Thu, 12/17/2020 - 09:02
Those who want to up their food gifting this year can try making aquavit, above, and even their own gravlax and Irish cream.
Laura Donnelly

I don't mean to brag, but I am a baller when it comes to homemade holiday food gifts. When I was working as a pastry chef, my core repertory was baked goods and candy. They traveled well. But this year is different.

For starters, mail service is sketchy these days; I am still waiting for some advent calendars that I was going to forward on to some friends and family. Oh, well.

It also occurred to me that everyone does the same thing; lots of cookies and more cookies, candy, jars of spiced nuts. My friend Kathleen inspired me a few weeks ago when she served ice cold homemade aquavit and home-cured gravlax. Eureka! I've got the time and have saved some money these last nine months so why not give slightly more extravagant and definitely more original food gifts this jolly holly-day season?

First I played around with aquavit. As I am not a huge fan of strong caraway flavoring, I have tailored my version to be more dilly citrus with a twist of juniper. Basically, anything goes, flavor-wise. You are dealing with a blank vodka slate. When I worked for the Swedish-ish Living Room restaurant at the Maidstone hotel in East Hampton, our visiting chef Bjorn told me that a favorite version is made with salted black licorice. To which I say, "lakrits jetbransle!" (Licorice jet fuel.)

For my first batch I steeped dill sprigs, fennel seeds, cardamom pods, juniper berries, caraway seeds, and lemon and clementine peels in good vodka for three days. When tasted, it seemed sufficiently flavored. However, once I removed the herbs and other aromatics, bottled and froze the aquavit, it seemed less flavorful. Always remember that a frozen beverage or food will have a duller flavor because of being frozen. So now my second batch will marinate for a week or two before I strain and bottle.

Next, I went in search of small bottles and shot glasses. HomeGoods can be a good resource for such things at a reasonable price, but it looked like Super Spreader Saturday in there so I skedaddled out. I had better luck at the Loaves and Fishes Cookshop in Bridgehampton, finding large and small bottles, and more peace of mind in terms of safety.

For friends who do not drink, I am working on a "mock-uavit," something along the lines of a highly herbal shrub to be mixed with soda water, but I haven't quite got it right so maybe I can share a recipe next year.

Then I tackled homemade gravlax.
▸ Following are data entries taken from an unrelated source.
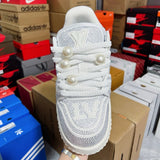 Trainer Creme Cravejado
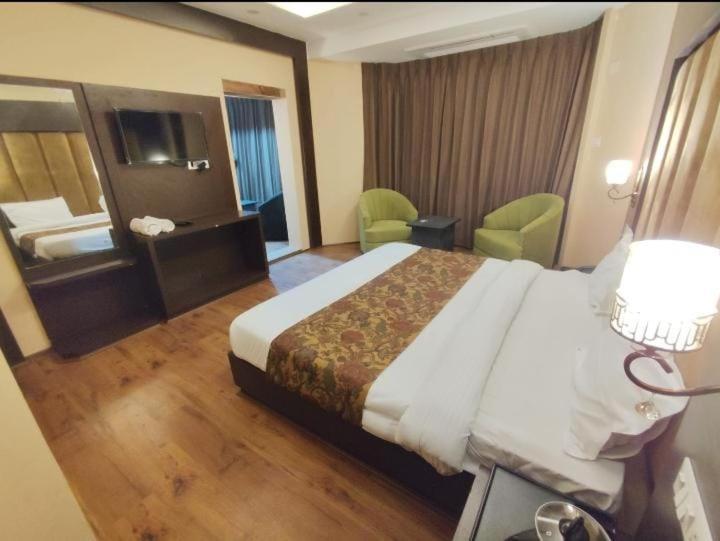 Hotel Zoon Dabb Srinagar Airport Kashmir ภายนอก รูปภาพ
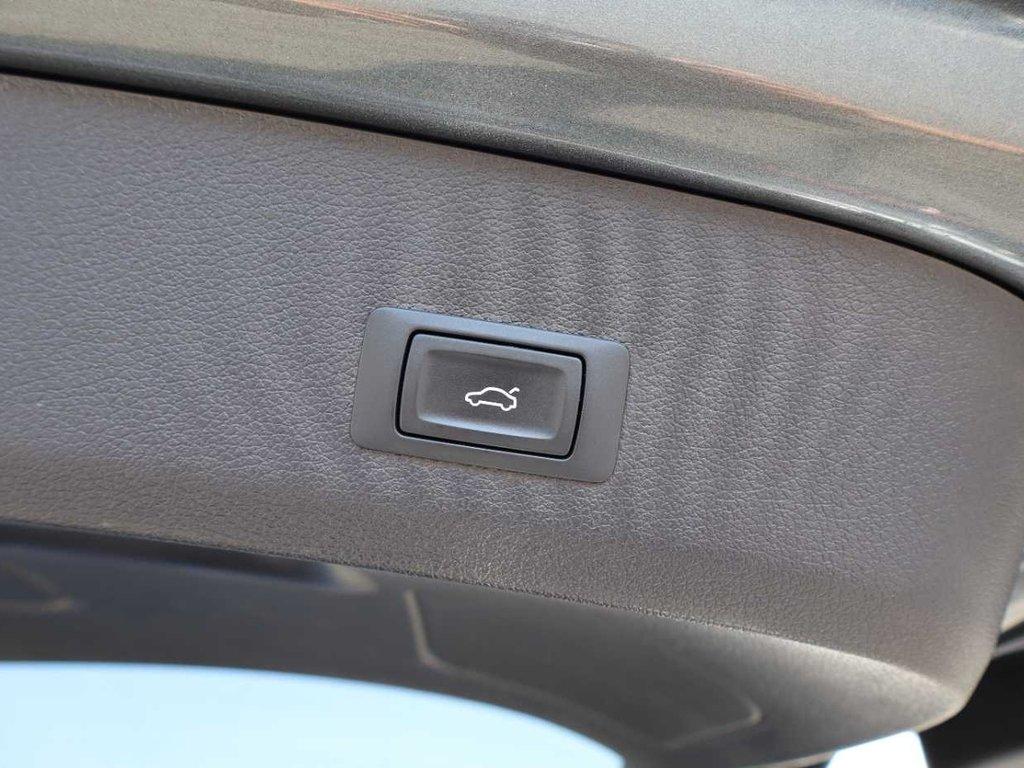 used 2015 Audi Q7 car, priced at $12,995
As usual, the internet provides a plethora of dangerously, wildly varying recipes. The ratio of salt to sugar wasn't as alarming as all the recommendations regarding shelf life, how long to cure, and whether or not to freeze. Even such reputable sites as Food52 and The New York Times had very different suggestions. So I did what I often do, consulted the real pros, chef friends on Facebook: Sybille van Kempen, Jeremy Blutstein, Bryan Futterman, Adrienne Nelson, Cheryl Stair, Colin Ambrose, Deena Chafetz, Robert Durkin, and Chris Polidoro.

I felt more confident and secure after getting their advice and not like I'd be giving my loved ones ciguatera and scombroid. Those are forms of fish poisoning, not one of those creepy law firms that advertise at 3 a.m. on Fox. Like the aquavit, cured salmon's flavor profile can be tailored to your liking. I went with a cure heavier on salt than sugar, with white pepper, coriander, a wave of the unopened jar of caraway seeds over the fillets, fennel seeds, lemon zest, a sprinkle of my aquavit, and gobs of fresh dill sprigs. The most important thing, again, is freshness and using the highest quality salmon from a reputable fishmonger. You will spend close to $30 per pound and this is a very delicate, perishable food so please prepare carefully, wrap and chill well, and give very specific instructions and expiration date to your lucky recipients. Include a dense wheat bread (not rye!) and a little jar of mustard sauce to go with this gift.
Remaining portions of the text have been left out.